[Image-text web data]

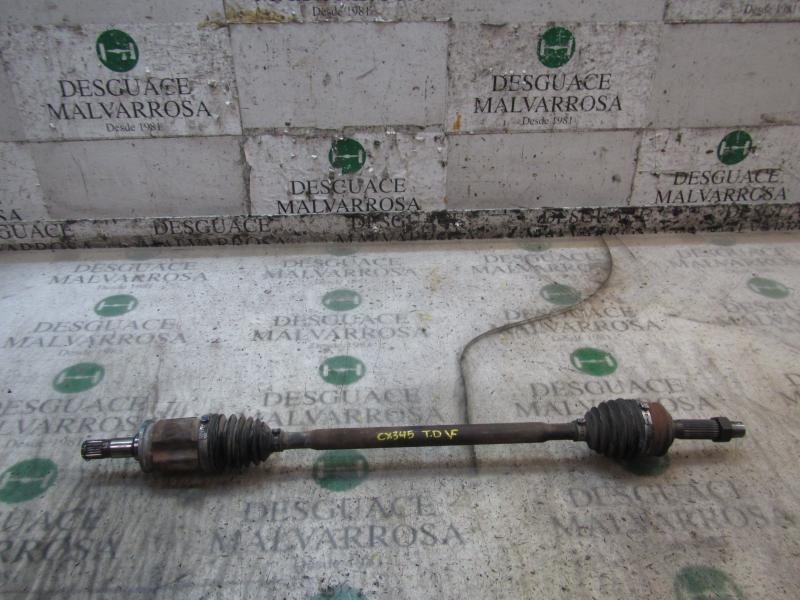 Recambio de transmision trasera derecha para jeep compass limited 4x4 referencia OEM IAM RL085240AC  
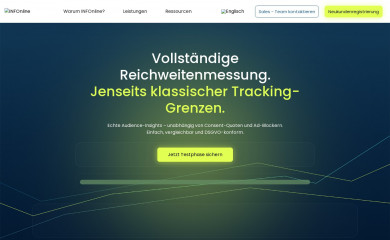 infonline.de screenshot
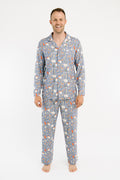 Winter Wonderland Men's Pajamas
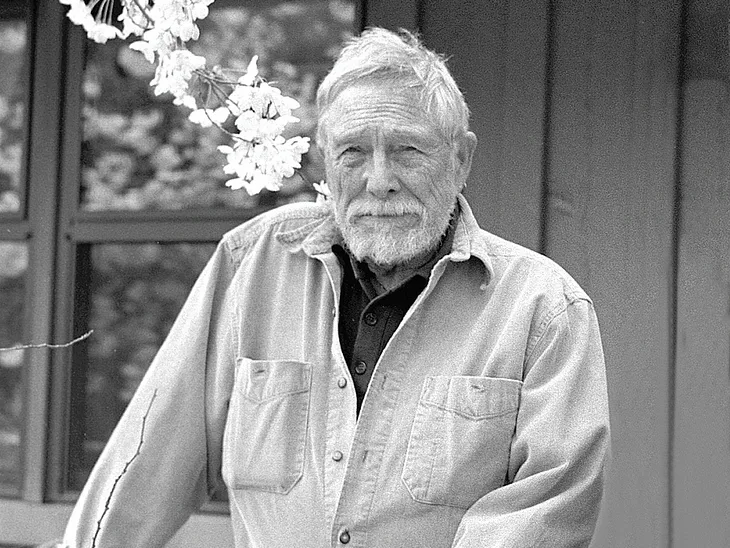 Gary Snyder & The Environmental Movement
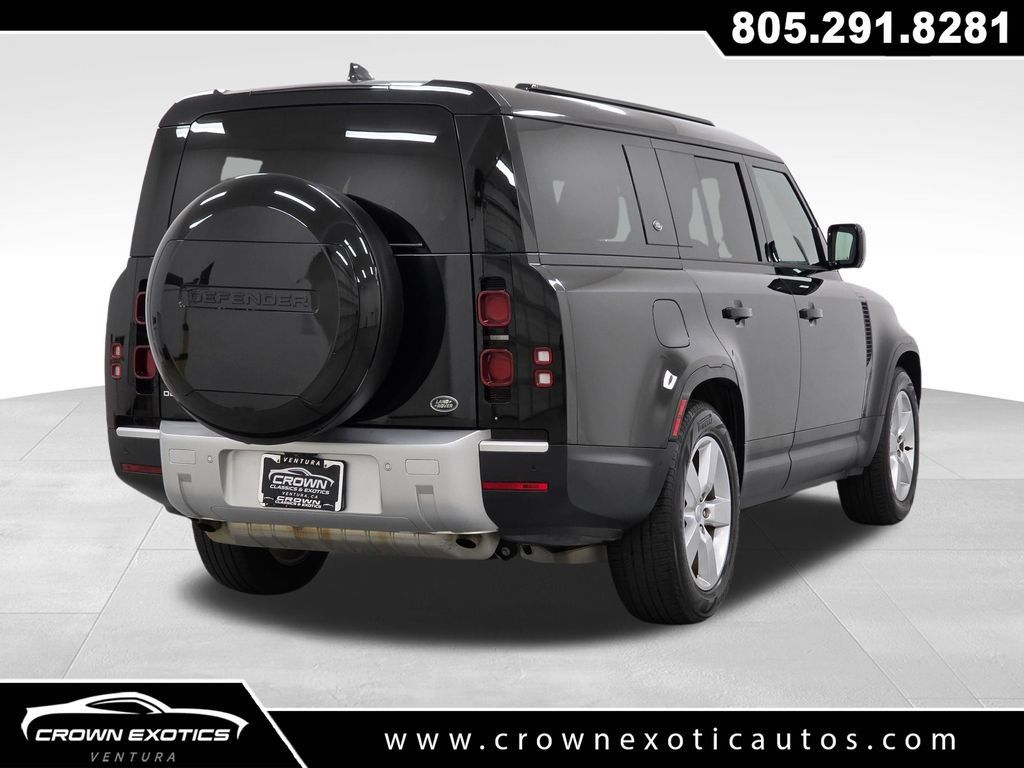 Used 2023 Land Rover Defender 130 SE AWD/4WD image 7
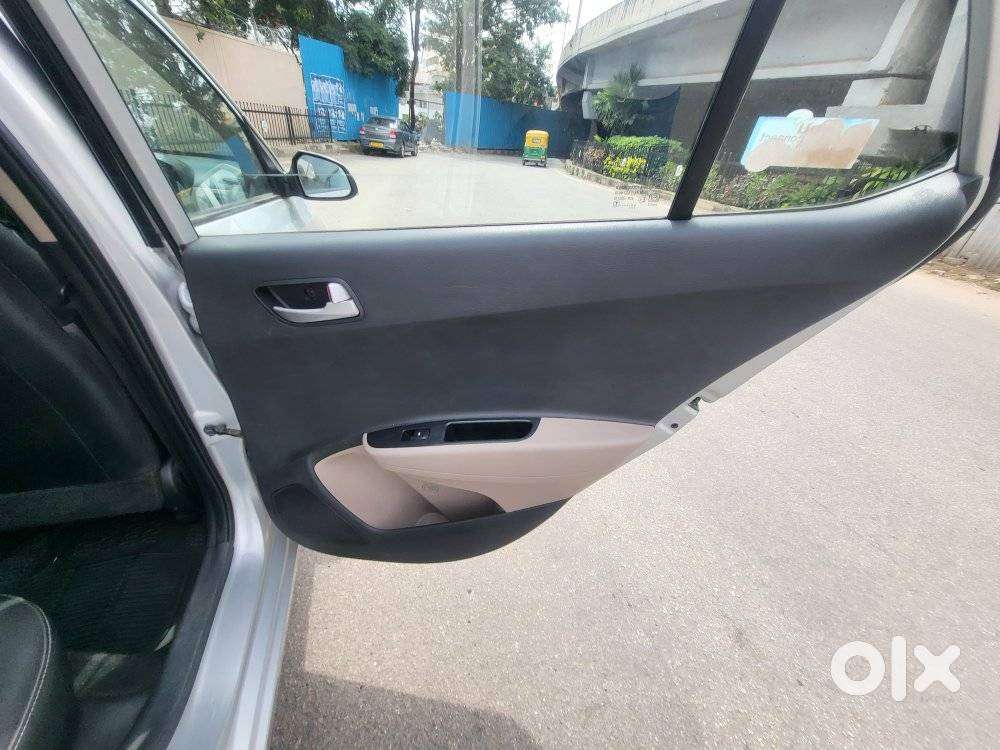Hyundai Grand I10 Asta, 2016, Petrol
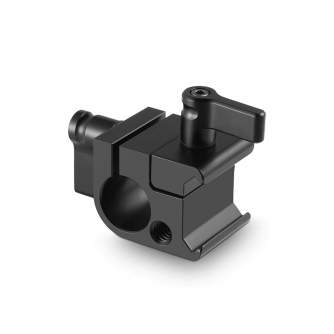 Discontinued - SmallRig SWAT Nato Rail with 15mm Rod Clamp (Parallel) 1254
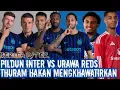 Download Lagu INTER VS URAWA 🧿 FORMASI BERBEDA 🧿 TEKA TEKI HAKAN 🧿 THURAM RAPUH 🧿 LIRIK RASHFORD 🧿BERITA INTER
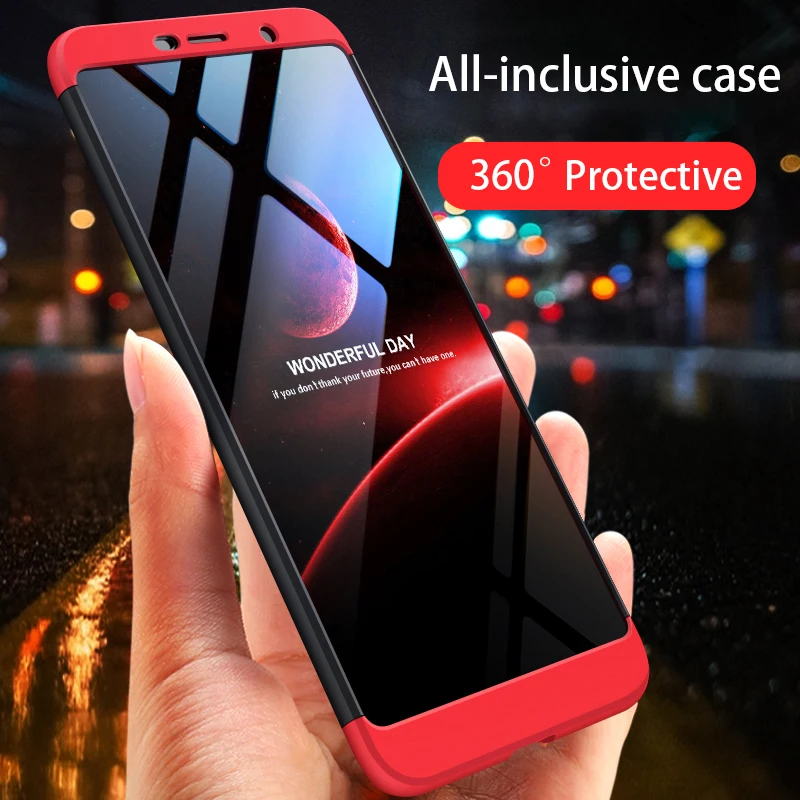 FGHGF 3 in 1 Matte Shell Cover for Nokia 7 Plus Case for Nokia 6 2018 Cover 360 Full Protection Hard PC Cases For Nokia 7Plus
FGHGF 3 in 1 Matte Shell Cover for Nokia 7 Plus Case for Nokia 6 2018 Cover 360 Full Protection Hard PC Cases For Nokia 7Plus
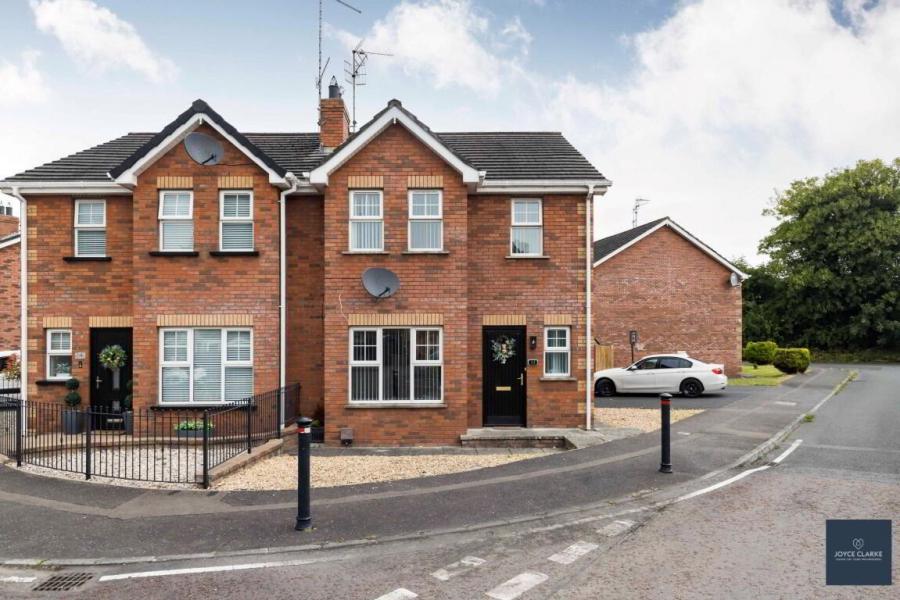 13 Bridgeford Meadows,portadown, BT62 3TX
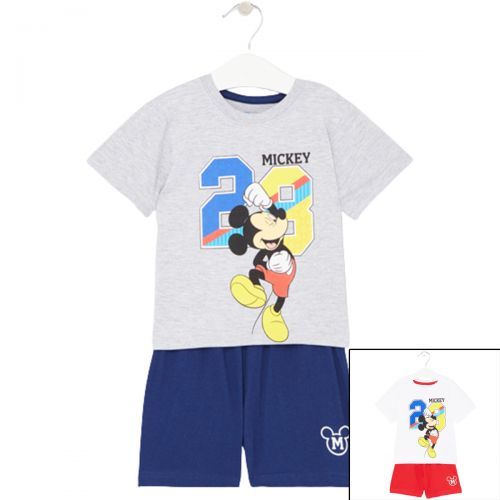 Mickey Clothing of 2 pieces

* _Problem_: Please return the records above exactly as written, dropping every picture.

* _Your solution_:
 Recambio de transmision trasera derecha para jeep compass limited 4x4 referencia OEM IAM RL085240AC  
 infonline.de screenshot
 Winter Wonderland Men's Pajamas
 Gary Snyder & The Environmental Movement
 Used 2023 Land Rover Defender 130 SE AWD/4WD image 7
Hyundai Grand I10 Asta, 2016, Petrol
 Discontinued - SmallRig SWAT Nato Rail with 15mm Rod Clamp (Parallel) 1254
 Download Lagu INTER VS URAWA 🧿 FORMASI BERBEDA 🧿 TEKA TEKI HAKAN 🧿 THURAM RAPUH 🧿 LIRIK RASHFORD 🧿BERITA INTER
 FGHGF 3 in 1 Matte Shell Cover for Nokia 7 Plus Case for Nokia 6 2018 Cover 360 Full Protection Hard PC Cases For Nokia 7Plus
FGHGF 3 in 1 Matte Shell Cover for Nokia 7 Plus Case for Nokia 6 2018 Cover 360 Full Protection Hard PC Cases For Nokia 7Plus
 13 Bridgeford Meadows,portadown, BT62 3TX
 Mickey Clothing of 2 pieces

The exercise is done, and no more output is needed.